> [WORK ITEM]
Starting with the line that includes "Rose & raspberry meringue tarts", write out every remaining line of the records below exactly as it appears, leaving out any images.

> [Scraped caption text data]
________________

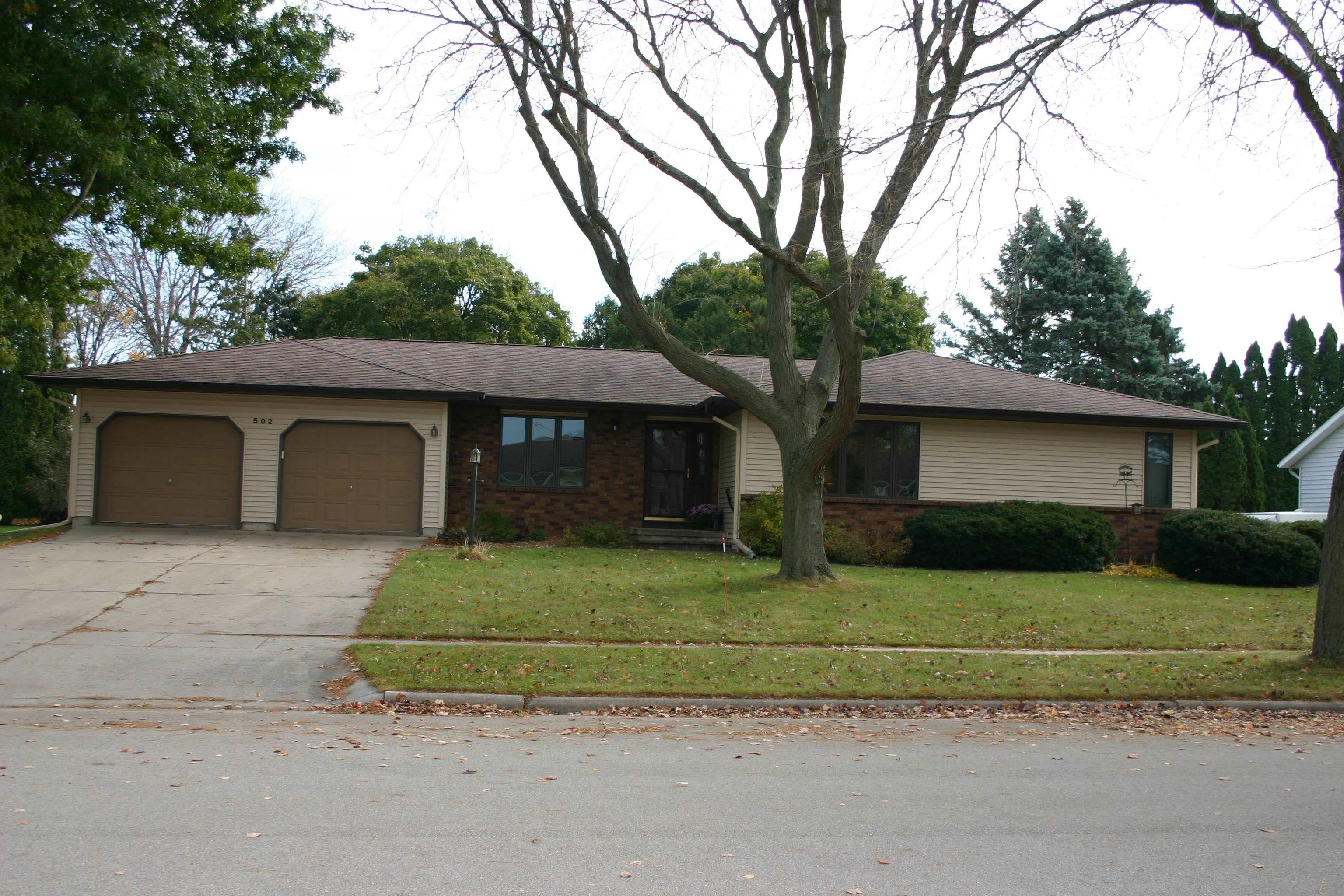 Photo of Listing #2011839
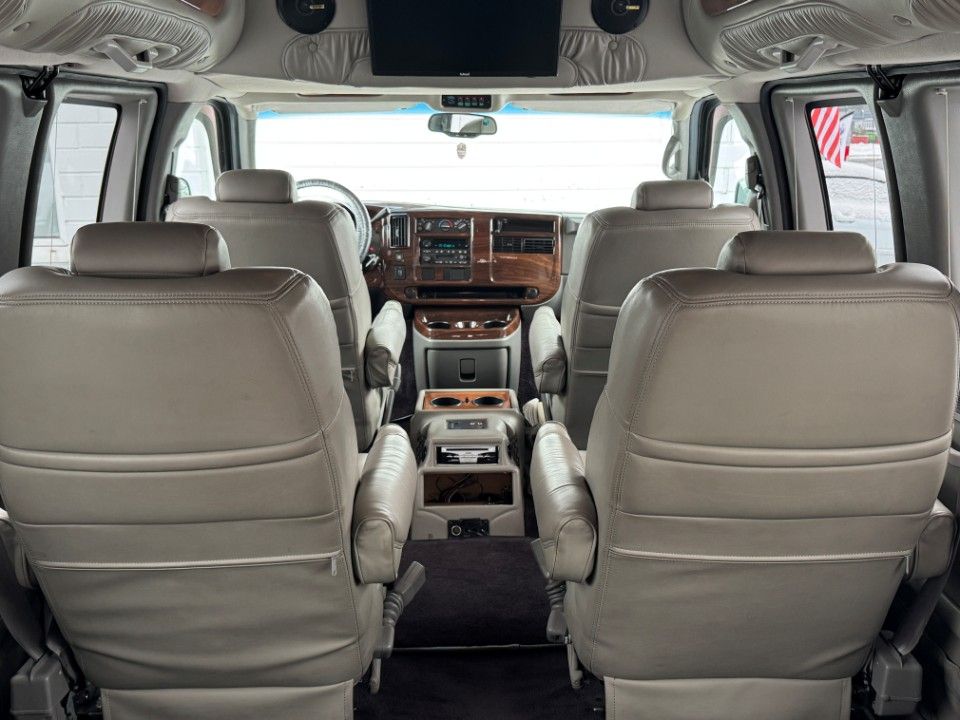 Fahrzeugabbildung Chevrolet Express Chevy Van Explorer Ltd. 70 Tkm 22"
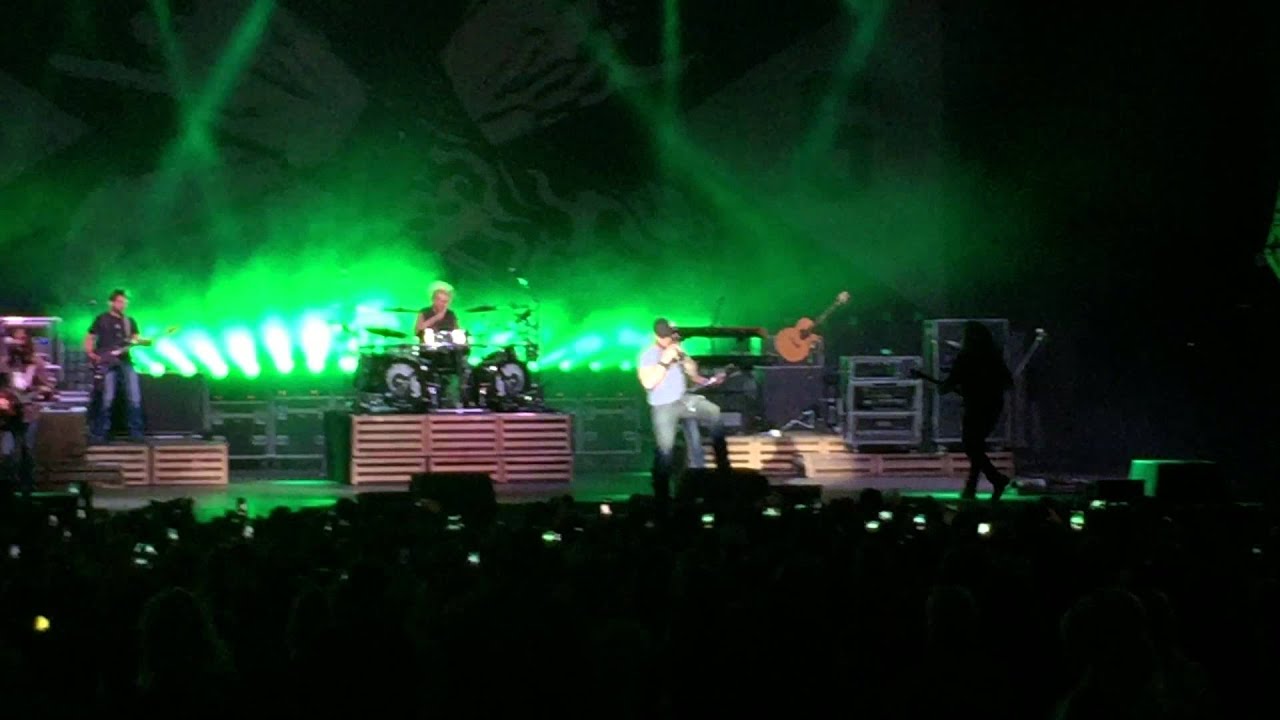 Brantley Gilbert.          Kick it in the Sticks LIVE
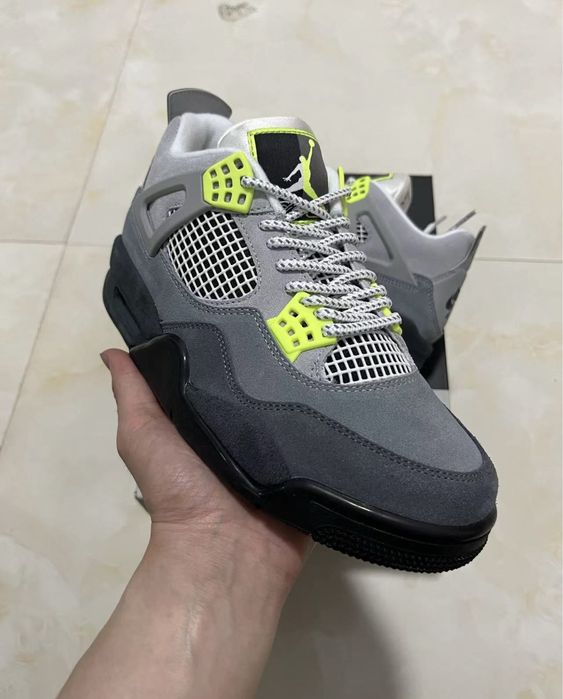 Air Jordan 4 Retro SE 95 Neon
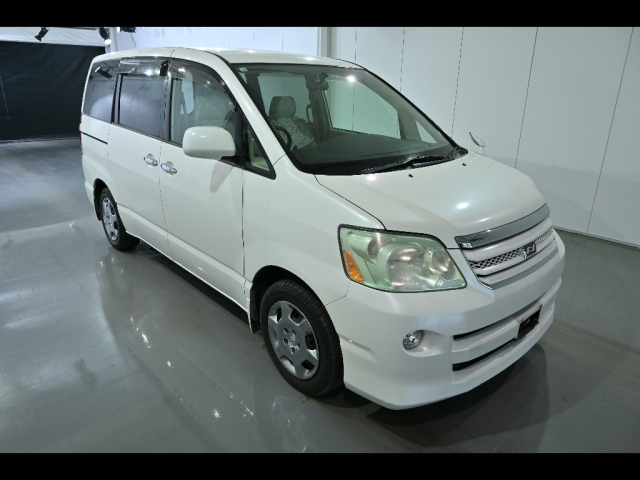 TOYOTA NOAH 2006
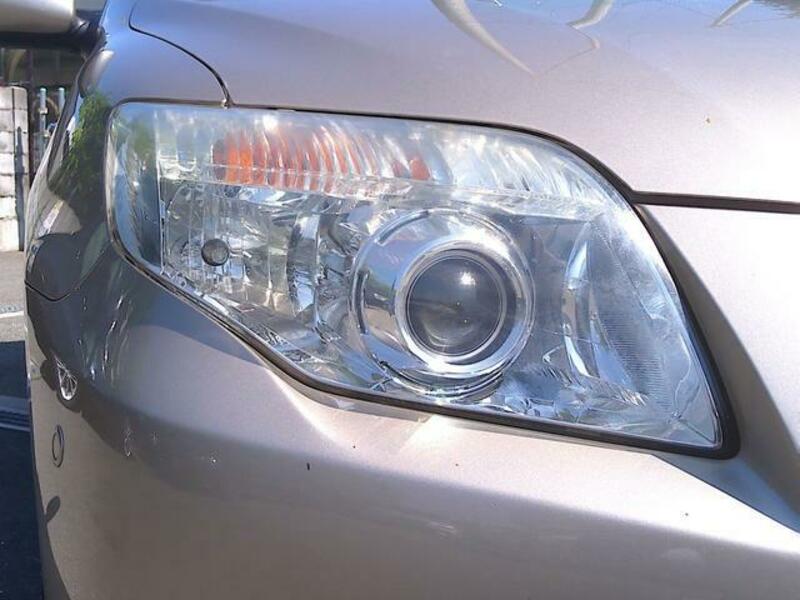 COROLLA AXIO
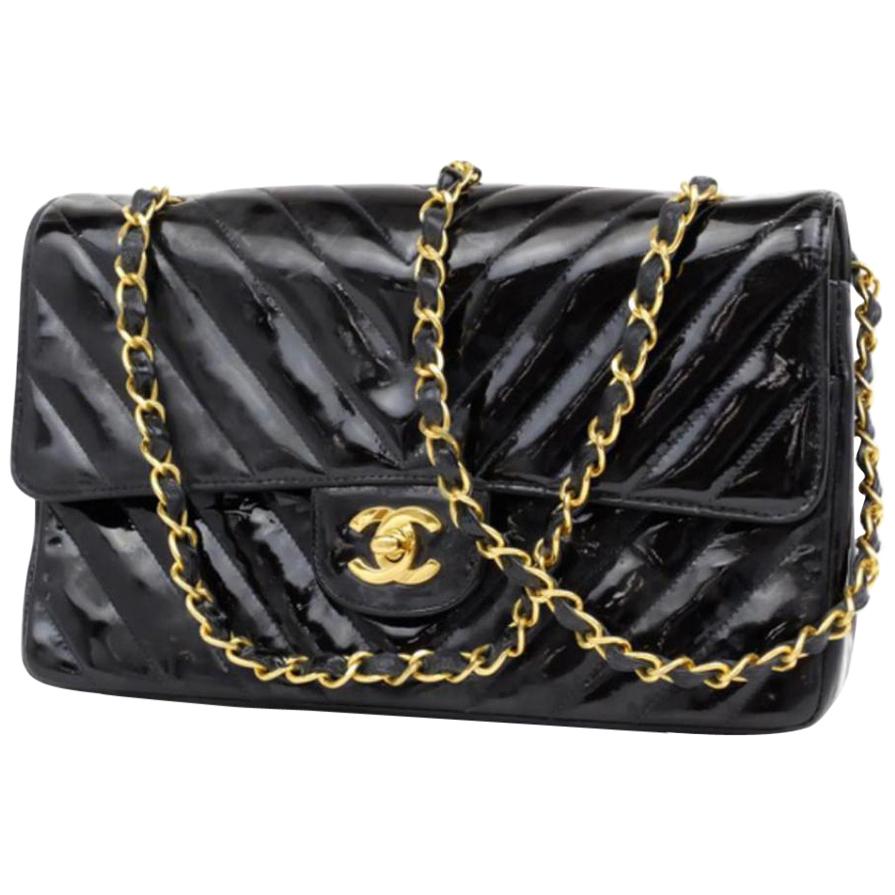 Chanel Classic Flap Chevron Quilted Medium 232106 Black Shoulder Bag For Sale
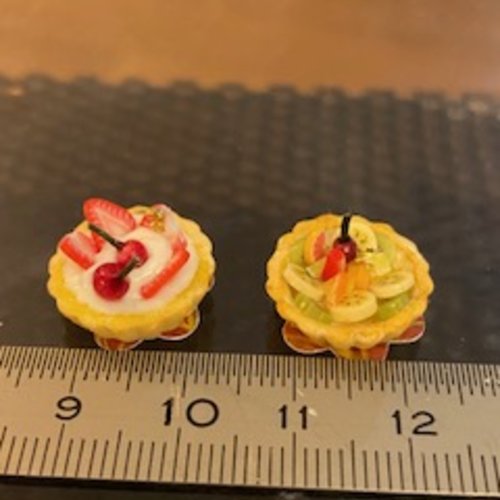 Tartelette aux fruits -nourriture miniature à l'échelle 1/12ème et maison de poupée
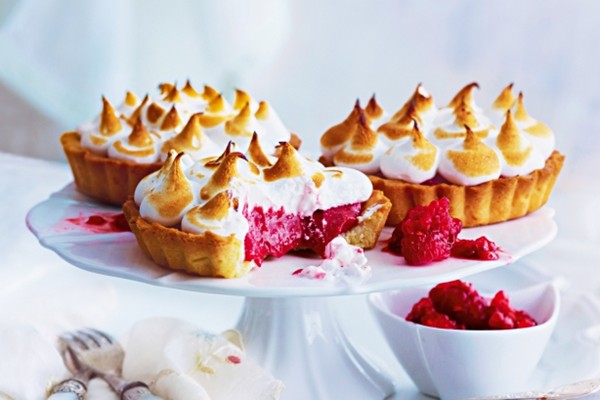 Rose & raspberry meringue tarts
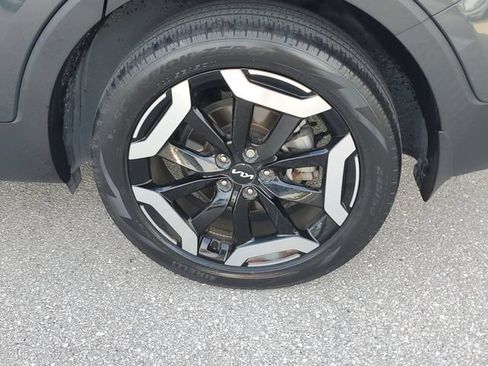 Certified 2023 Kia Telluride EX w/ EX Captain's Chair Package FWD image 5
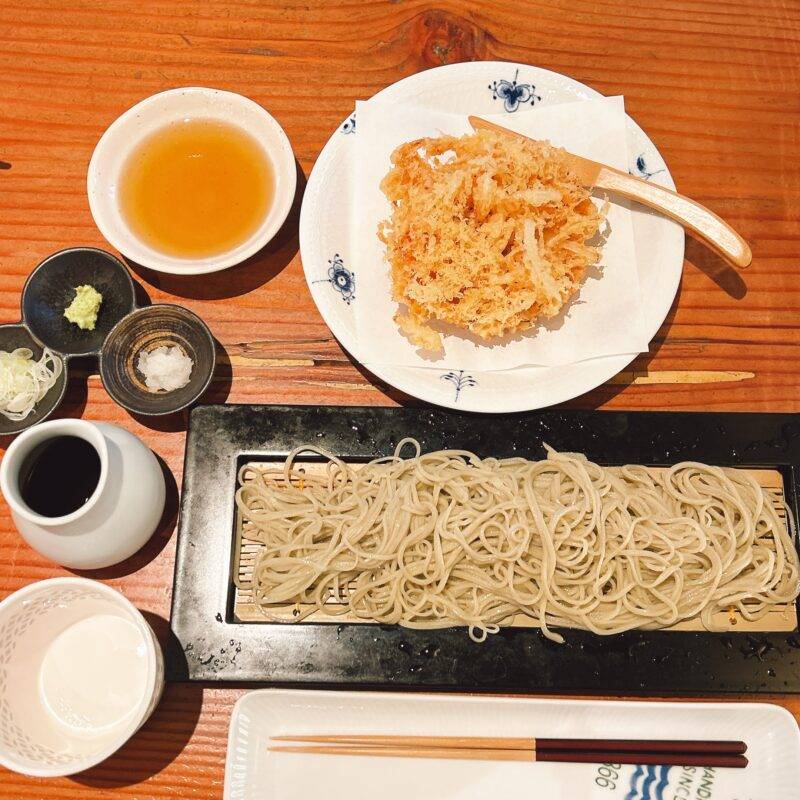 そば 蕎麦 蕎麦屋 そば屋 おすすめ soba 日刊水と蕎麦 soba-aqua メニュー東京都上北沢『蕎麦切り 旗幟』（きし）「生桜海老の天ぷら」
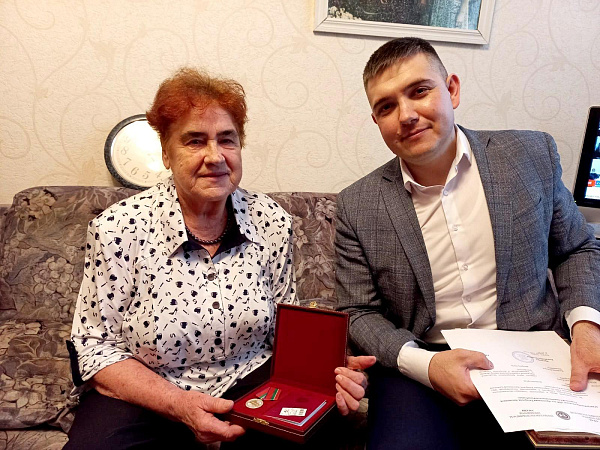 Почетному гражданину Набережных Челнов вручили награду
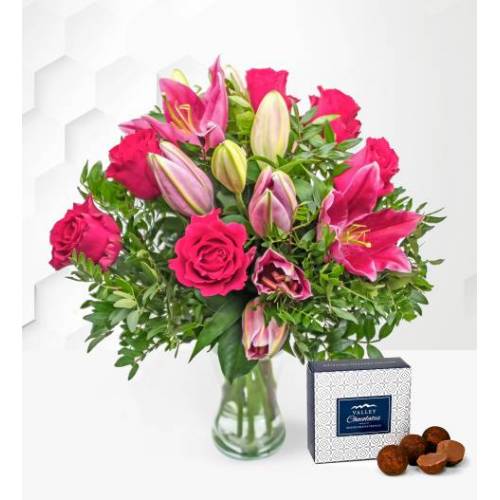 Bild von Rose and Lily Bouquet – Free Chocs – Flower Delivery – Next Day Flower Delivery – Send Flowers by Post – Next Day Flowers – Free Chocs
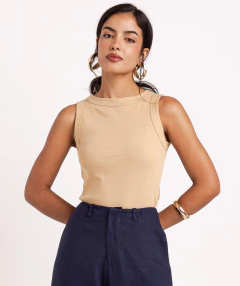 regata canelado algodão decote fechado creme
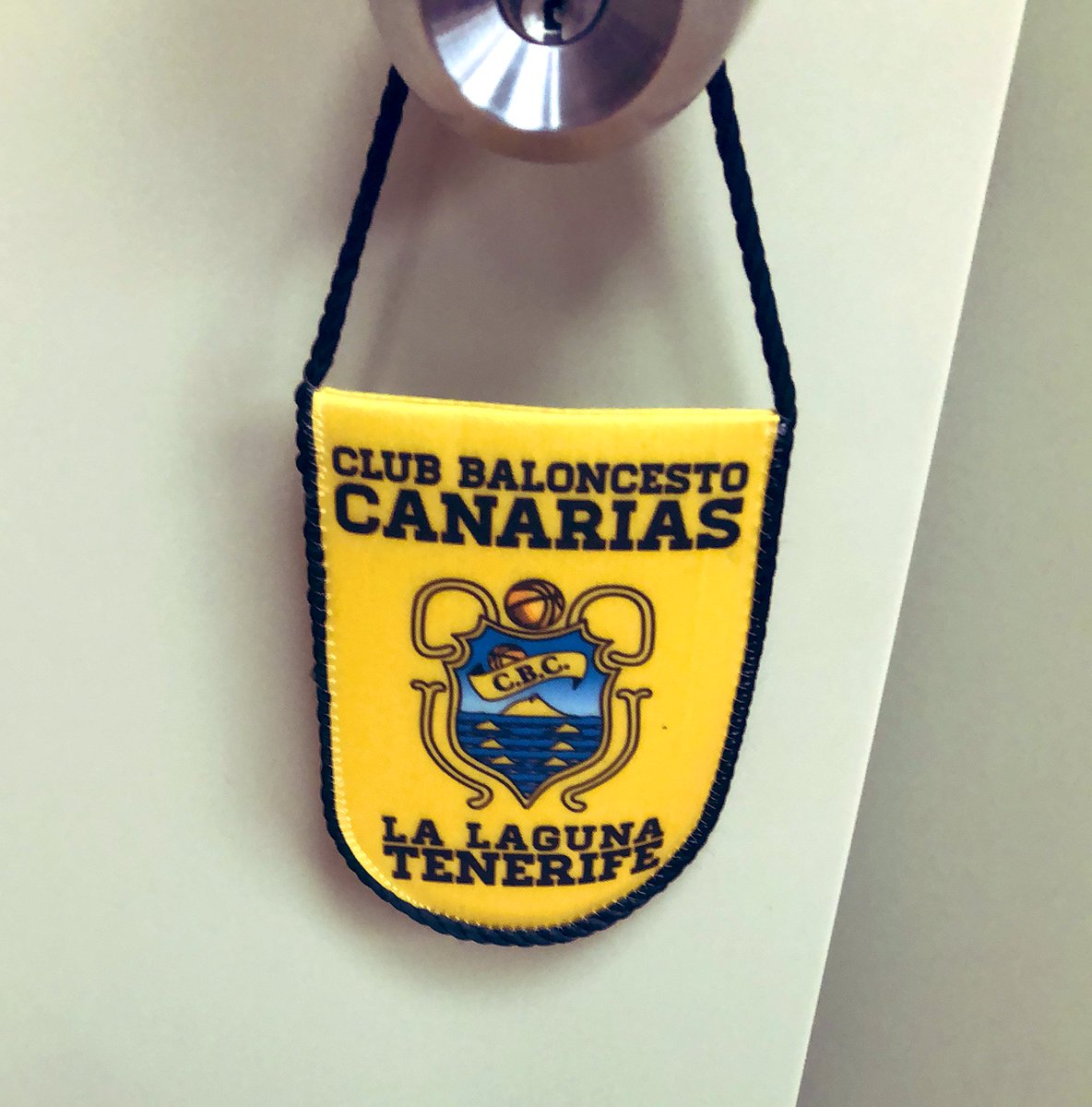 chinchetas's tweet photo. 📌Mi banderín del Cantera Base 1939 Canarias. Siempre cerquita. Lo bueno está por llegar esta temporada. No caminarán solos…🦾📌 https://t.co/ZCHOU9HDyy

________________

> [ANSWER SPACE]
 Rose & raspberry meringue tarts
 Certified 2023 Kia Telluride EX w/ EX Captain's Chair Package FWD image 5
 そば 蕎麦 蕎麦屋 そば屋 おすすめ soba 日刊水と蕎麦 soba-aqua メニュー東京都上北沢『蕎麦切り 旗幟』（きし）「生桜海老の天ぷら」
 Почетному гражданину Набережных Челнов вручили награду
 Bild von Rose and Lily Bouquet – Free Chocs – Flower Delivery – Next Day Flower Delivery – Send Flowers by Post – Next Day Flowers – Free Chocs
 regata canelado algodão decote fechado creme
 chinchetas's tweet photo. 📌Mi banderín del Cantera Base 1939 Canarias. Siempre cerquita. Lo bueno está por llegar esta temporada. No caminarán solos…🦾📌 https://t.co/ZCHOU9HDyy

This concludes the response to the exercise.